Enfin, il y a le site de Hayange, particulièrement performant et stratégique pour la France, puisqu’il produit les rails de chemin de fer. Nous y veillerons, quel que soit le repreneur qui se présentera. Je pense que nous pouvons, à terme, envisager la constitution d’un groupe autour d’Ascoval – qui fournira la matière première –, du site de Hayange – qui réalisera les rails de chemin de fer de haute qualité – et du site néerlandais. Cela forme un ensemble tout à fait cohérent, rentable, qui représente l’avenir de l’aciérie dans notre pays.
(Applaudissements sur les bancs du groupe LaREM et sur quelques bancs du groupe MODEM. – M. Jean Lassalle applaudit également.)
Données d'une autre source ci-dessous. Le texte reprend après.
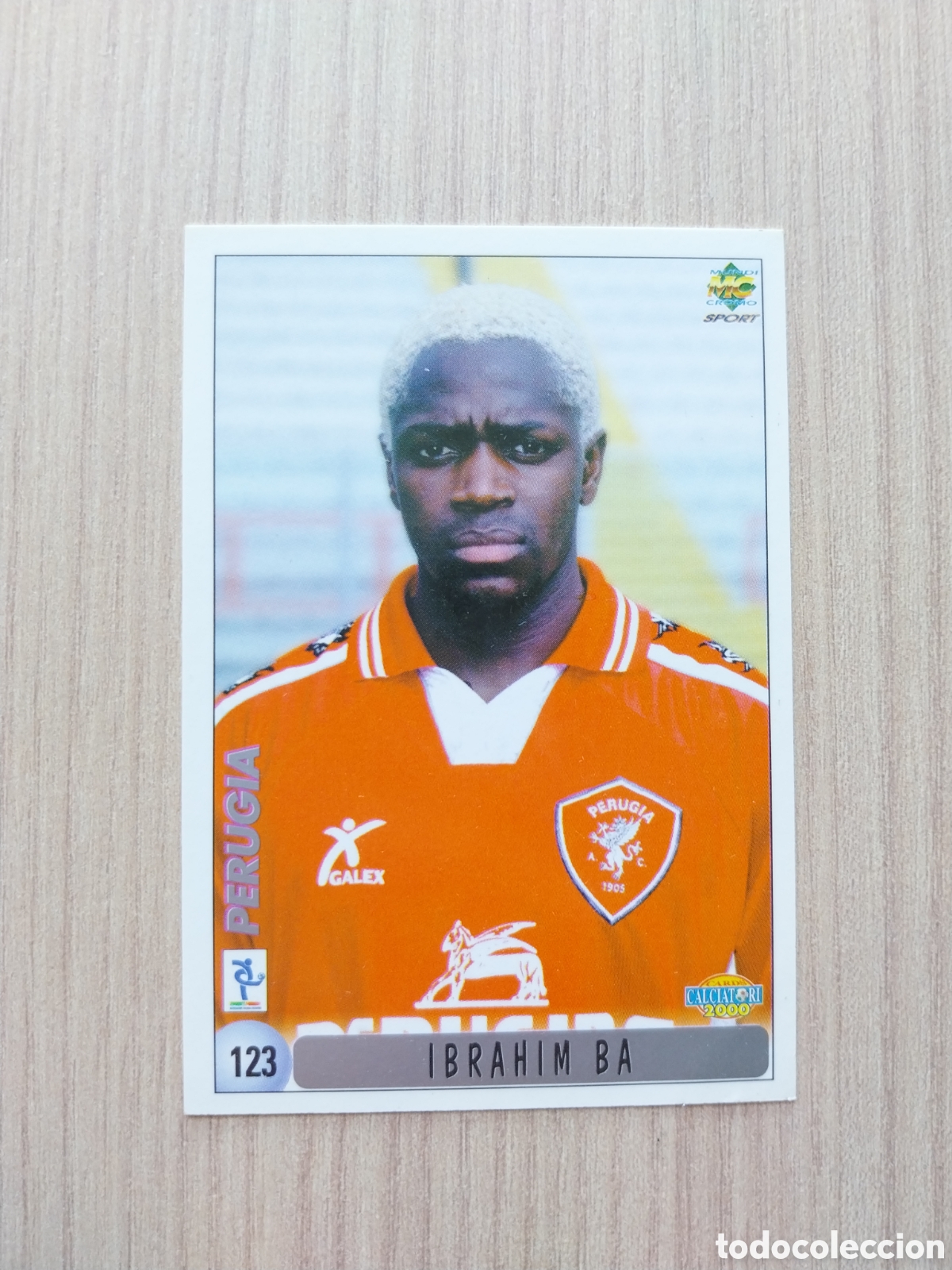 Cromos de F&uacute;tbol: IBRAHIM BA RENATO OLIVE N&deg; 123 CALCIATORI 1999 2000 99 00 PERUGIA MUNDICROMO ITALIA F&Uacute;TBOL LIGA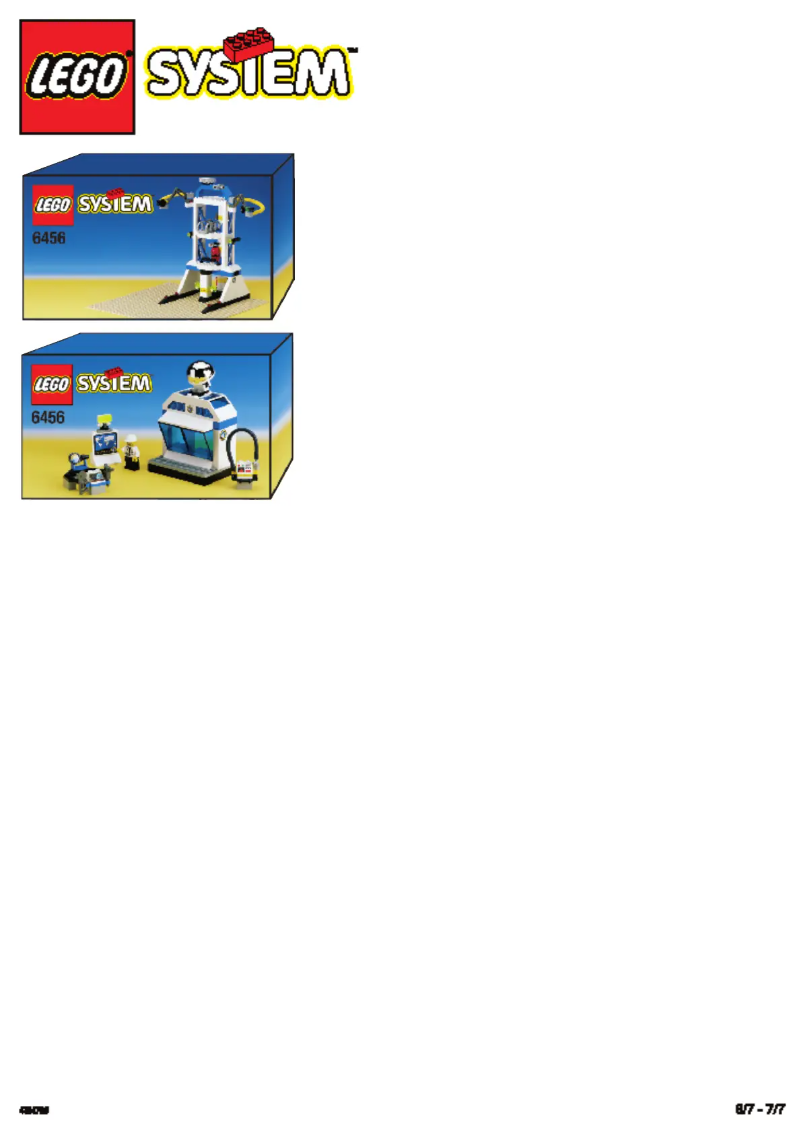 Page n°1 - Manuel utilisateur Lego Space Port Shuttle Launch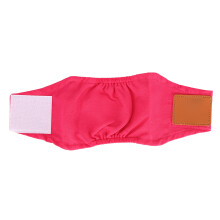 Culotte de protection pour chien rouge taille S en coton réutilisable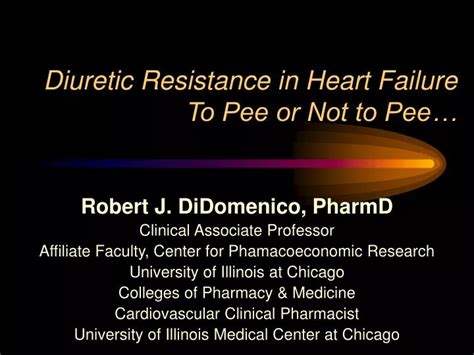 Ppt Diuretic Resistance In Heart Failure Powerpoint Presentation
La parole est à M. Jean-Paul Dufrègne. Madame la ministre des solidarités et de la santé, alors que les pouvoirs publics ont lancé une réflexion sur le déremboursement du médicament homéopathique et que la Haute autorité de santé vient d’adopter un projet d’avis sur un éventuel déremboursement, au motif qu’on manquerait de preuves quant à son efficacité, de nombreux citoyens nous ont apporté leur témoignage. Pour beaucoup d’entre eux, le médecin homéopathe qui, rappelons-le, a prêté le serment d’Hippocrate, est aussi leur médecin traitant, qu’ils consultent en première intention à chaque fois qu’ils ont un problème de santé. Les traitements homéopathiques prescrits permettent des améliorations aussi bien dans les situations aiguës que concernant des pathologies chroniques et ce, sans effet indésirable. De surcroît, les patients concernés, paient, comme tous les autres, leurs cotisations sociales. Aussi ces citoyens considèrent-ils que le maintien du remboursement des médicaments homéopathiques se justifie pleinement.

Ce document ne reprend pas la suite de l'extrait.